Que je suis mécontent des Mémoires secrets de milord Bolingbroke ! Je voudrais qu’ils fussent si secrets que personne ne les eût jamais vus. Je ne trouve qu’obscurités dans son style comme dans sa conduite. On a rendu un mauvais service à sa mémoire d’imprimer cette rapsodie ; du moins c’est mon avis, et je le hasarde avec vous, parce que, si je m’abuse, vous me détromperez. Voilà donc M. de Céreste (3) qui devient une nouvelle preuve combien les Anglais ont raison, et combien les Français ont tort. O tardi studiorum ! Nous sommes venus les derniers presque en tout genre. Nous ne songeons pas même à la vie.
Mon cher ami, je songe à la mort ; je ne me suis jamais si mal porté ; mais j’aurai un beau moment quand j’aurai l’occasion de vous embrasser.
1 – Le plan de l’Orphelin de la Chine. (G.A.)
2 – Dans la citadelle de Caen. (G.A.)
3 – Bufile-Hyacinthe de Brancas, comte de Céreste, mort de la petite-vérole. (G.A.)
à la duchesse de Saxe-Gotha.
A Colmar, le 3 Mai 1754 (1).
(Il vient de tomber de l’encre sur ma lettre ; je demande pardon des pâtés.)
Madame, les lettres charmantes dont votre altesse sérénissime continue à m’honorer font du désir de vous faire ma cour une passion violente. J’ai consulté sur mon voyage de Gotha la nature et la fortune, qui gouvernent despotiquement le monde ; la nature me répond : « C’est bien à toi, vieux, malade, triste et ennuyeux, d’aller porter les restes de son imagination languissante chez la descendante d’Hercule et la mère des Grâces ? Va prendre les eaux de Plombières, misérable ; il te faut la boutique d’un apothicaire, et non le temple de Dorothée. Tu n’es qu’une ombre ; murmure avec les ombres. Tu n’es pas fait pour le concert des déesses. Quand je t’aurai bien lavé et bien baigné, je verrai si je te donnerai la permission d’aller balbutier tes vieilles rêveries auprès de ce que j’ai fait de plus aimable. »

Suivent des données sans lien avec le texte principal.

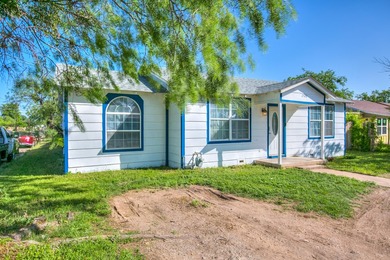 Check out this 2 bedroom, 1 bath home! Located on a corner lot - photo 14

La fortune, que j’ai consultée ensuite, m’a dit : « Je gouverne tout à ma fantaisie, et je me moque de celle des hommes. Ils croient faire ce qu’ils veulent, et ils ne font que ce que je veux. Tu as une passion violente pour la forêt de Thuringe : je pourrais bien t’envoyer à Naples, ou te clouer à Colmar, ou te placer en Suisse sur un coteau méridional. Cependant, si la nature y consent, je te permettrai d’aller en Thuringe. »
Voilà, madame, la réponse de mes deux oracles. On m’a condamné malgré moi à aller à la fin à Plombières, et j’y vais au mois de juin. Ma pauvre nièce, encore malade de la manière galante dont elle a été reçue à Francfort, vient me trouver aux eaux. Après cela, madame, j’espère que la fortune me permettra le petit voyage pour lequel je lui ai présenté requête.
La lettre dont votre altesse sérénissime veut savoir le contenu, dit qu’on (2) a conservé et qu’on n’a donné à personne le manuscrit concernant l’Histoire universelle, qu’on ne me fera aucune infidélité, qu’on ne parle point mal de moi, qu’on croit que je ne gâterai jamais rien dans les sociétés où je me trouverai. On me dit des choses flatteuses, et en même temps on écrit à d’autres des choses piquantes sur mon compte. Il y a longtemps que je sais à quel point vont les contradictions de ce monde. Le cœur seul me conduit, madame ; il me ferait voler chez la descendante d’Hercule ; mais il ne me fera jamais marcher vers le descendant d’Ulysse.
Le chevalier de Massol est le fils d’un avocat-général de la chambre des comptes de Paris. C’est une famille que je connais ; mais pour lui, je ne le connais point du tout. Si d’Arnaud s’est formé à la cour de Dresde (3), il peut devenir homme de mérite. Mais des vers français médiocres ne donnent ni réputation ni fortune, et c’est un bien mauvais métier.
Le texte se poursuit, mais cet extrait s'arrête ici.